Building My House

I have always wanted to build my own house. I am retired now, so I have the time. I found some land, designed a house that would fit the land and my needs and got started. I am doing all the work myself, so progress will be fairly slow. To read this blog from the beginning, start with the oldest archive and read posts from last to first.

Friday, August 04, 2006

Basement Slab Rebar




Now comes the visqueen which goes in between the slab and the ground to prevent moisture from wicking up thru the slab. Then comes the rebar. I used #3 (3/8” diameter) rebar on roughly 12” centers to make a grid of rebar.

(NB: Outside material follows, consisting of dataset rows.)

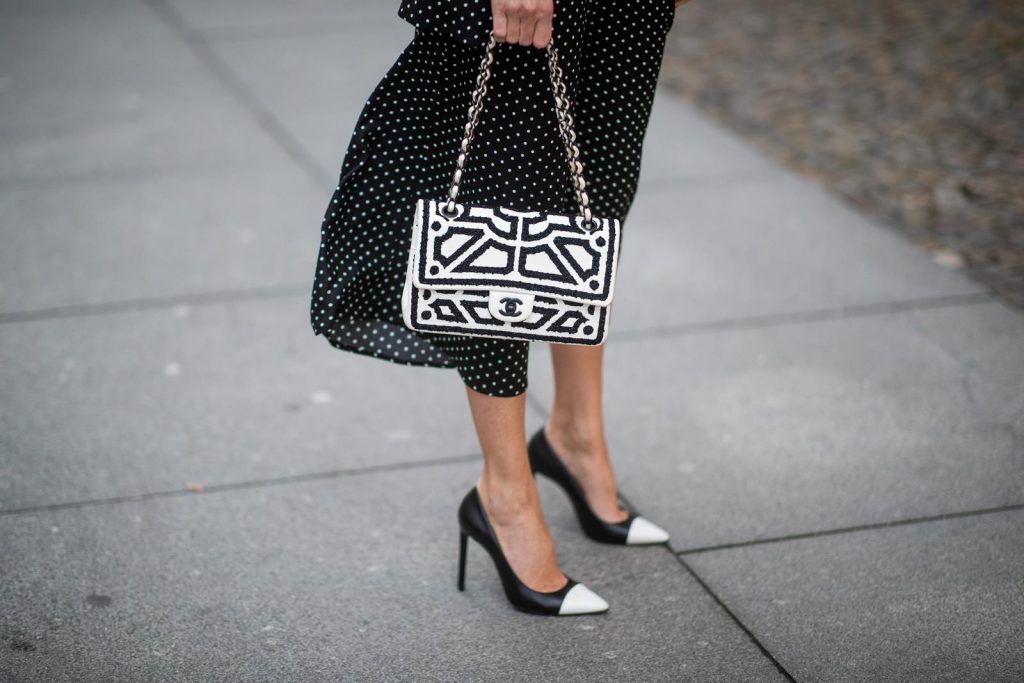 Chanel, Steffen Schraut, Manolo Blahnik Alexandra Lapp in a tweed beret dot suit look, wearing a long black blazer with dots and matching culotte pants, black and white striped sweater with a yellow detail from Steffen Schraut, a black and white tweed beret from the Chanel La Pausa collection, a black and white 2.55 flap bag from Chanel during the Berlin Fashion Week Autumn/Winter 2019 on January 16, 2019 in Berlin, Germany. (Photo by Christian Vierig/Getty Images)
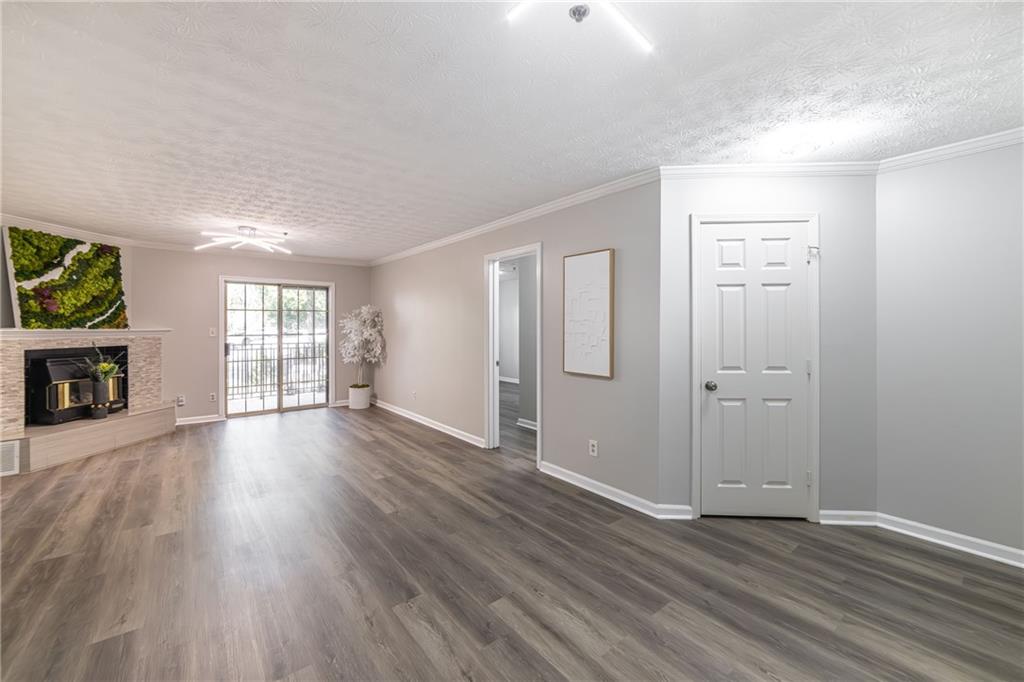 970 Sidney Marcus Boulevard Northeast, Unit 1204 Atlanta, GA 30324 - Photo 7 of 60 an empty room with wooden floor and a fireplace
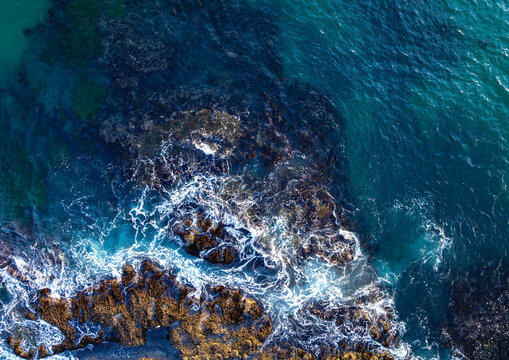 Dramatic coastline. Tropical sea aerial. Clear turquoise water coastline. Ocean surf. Drone shot of beauty rocky coastline. Rocky coast with sea foam. Summer beach with crashing waves.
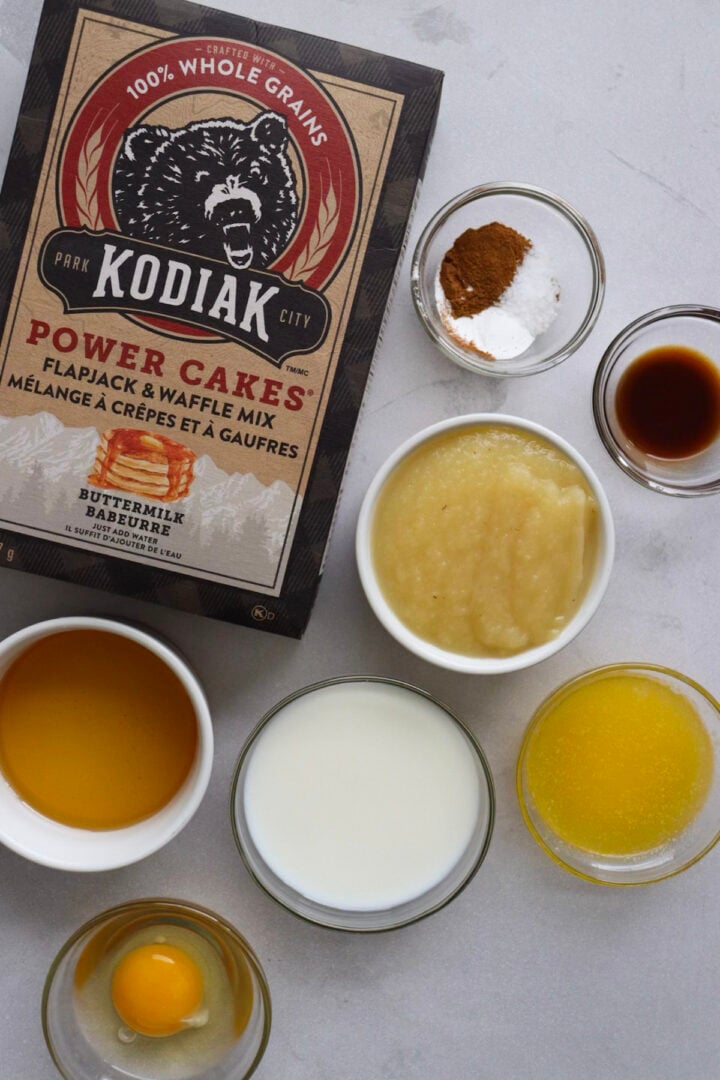Ingredients for kodiak cakes muffins without banana displayed in small bowls on a white counter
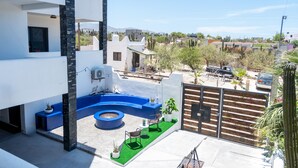 Un patio moderno al aire libre con una zona de estar azul, una piscina pequeña y vistas del vecindario circundante.
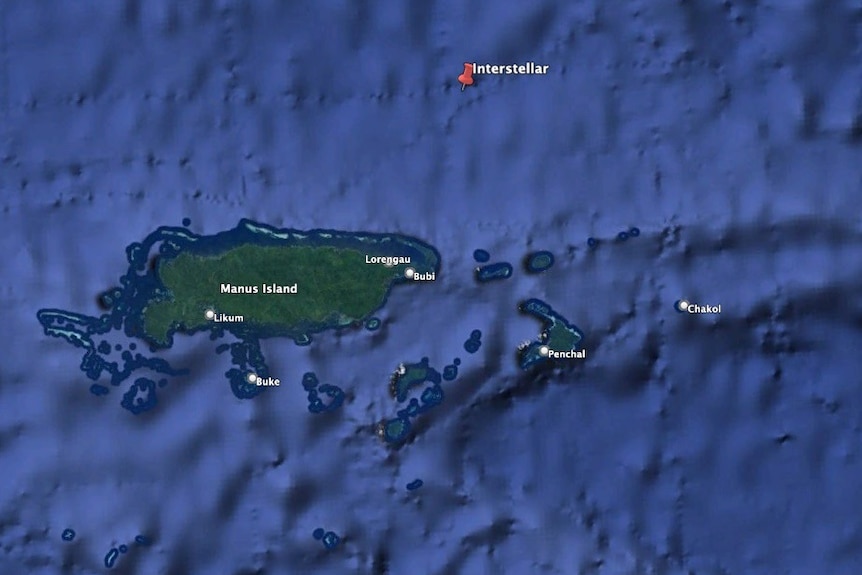 A map shows a location with a red pin in a blue ocean near islands represented as green shapes.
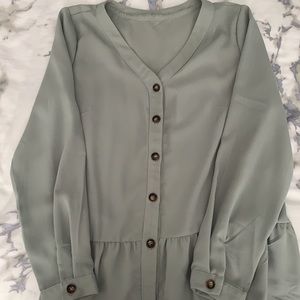 Mint green button down shirt with bottom ruffle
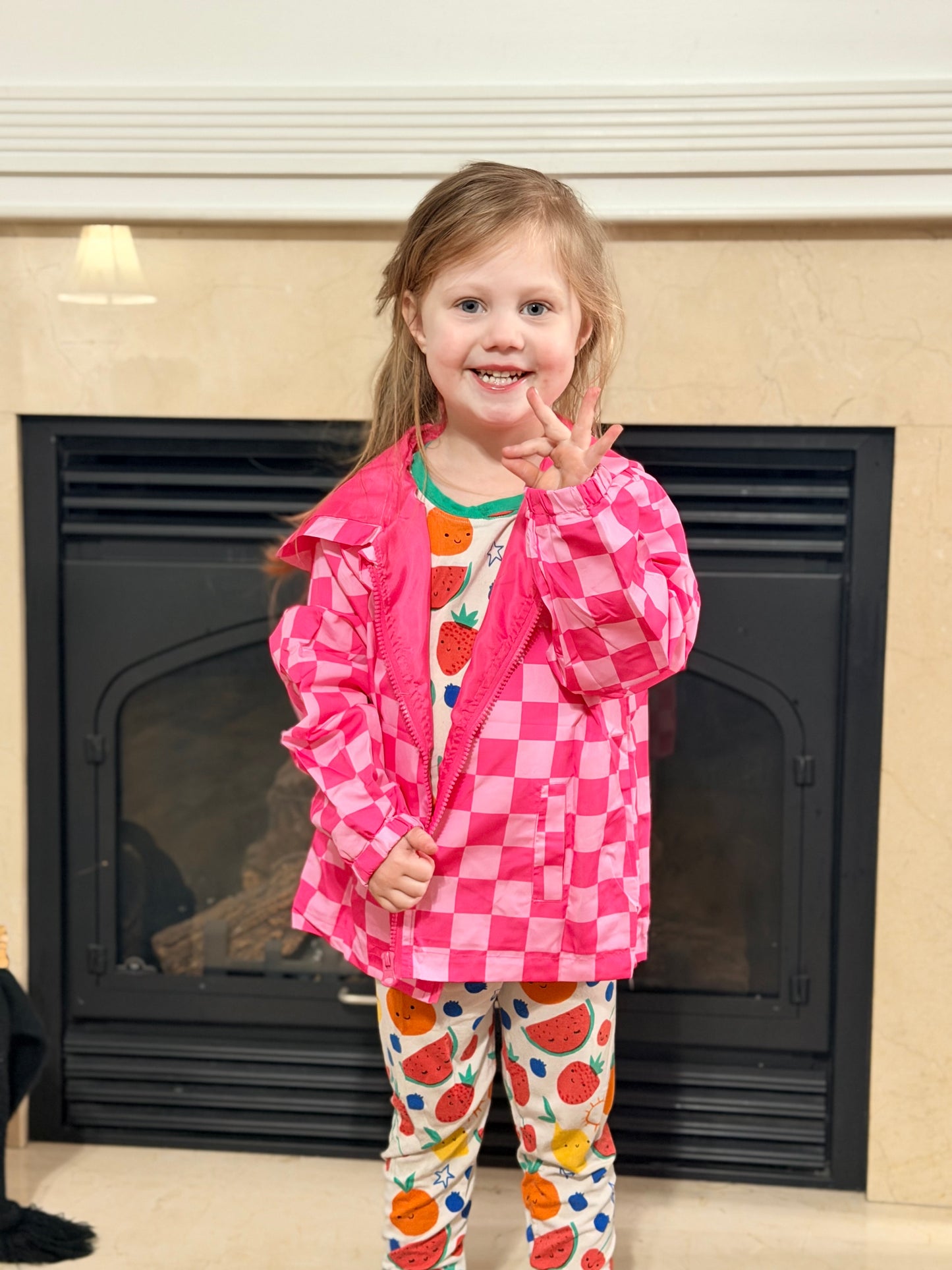 Child wearing a pink checkered jacket and colorful pants in front of a fireplace.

One of the concrete books I read said when you connect rebar together it should overlap by 30 times the rebar diameter; that is (30 x 3/8” = almost 11 inches overlap).

Originally, I thought I’d be able to pour the whole slab at one time. That caused me to cut and bend my rebar pieces to economically fit the whole slab. Now, I find I’m pouring just half the slab. If I use the original rebar design I’ll have to install ALL the rebar now. That’s not so bad, until you try to finish the poured concrete and in so doing have to step in and out of the rebar holes (of the not yet poured side) as you use the bull float. I could just see myself tripping and falling all over the place, so I recut about 12 pieces of rebar. This way I only have to install rebar in the side I’m pouring and I have plenty of room to move around without falling down.

I made my rebar chairs out of 3/16” steel rod which I have a LOT of. The metal is soft, so it’s easy to cut with bolt cutters and it’s easy to bend/hammer into shape in a vise. I wanted my rebar to sit 1/3 of the slab thickness up off bottom, so that meant roughly 1-1/2” chair height. None of the stores had rebar chairs of this height, so I just built them myself. Why 1/3 of the slab thickness? In my college civil engineering classes (30 years ago) I took a course on reinforced concrete. We learned that the bottom half of any normal concrete slab is in tension and the top half is in compression. Concrete works great in compression, but lousy in tension, so you need rebar to handle the tension loads and the rebar needs to be located in the bottom part of the slab (not in the middle, a commonly held belief). Common sense would say put it in the middle of the tension side (exactly ¼ of the slab thickness off bottom), but then any irregularities of the concrete pour might end up uncovering some of the rebar, which would lead to rust and rebar deterioration. So, I went 1/3 of slab thickness as a safety factor.

Disclaimer: I have a couple of degrees in civil engineering, but I am NOT a licensed professional engineer, so take this explanation for it’s entertainment value only, and NOT as advice for how you should build your house. If you have questions for building YOUR house, please seek the guidance of a licensed engineer. My basement slab will have no heavy loads put on it; ie no cars, no heavy equipment, and the slab is built such that it does not support the weight of the house above it. As such I could maybe have gotten by without rebar. I personally don’t like wire mesh and I am not yet convinced of the benefits of using fiberglass in concrete.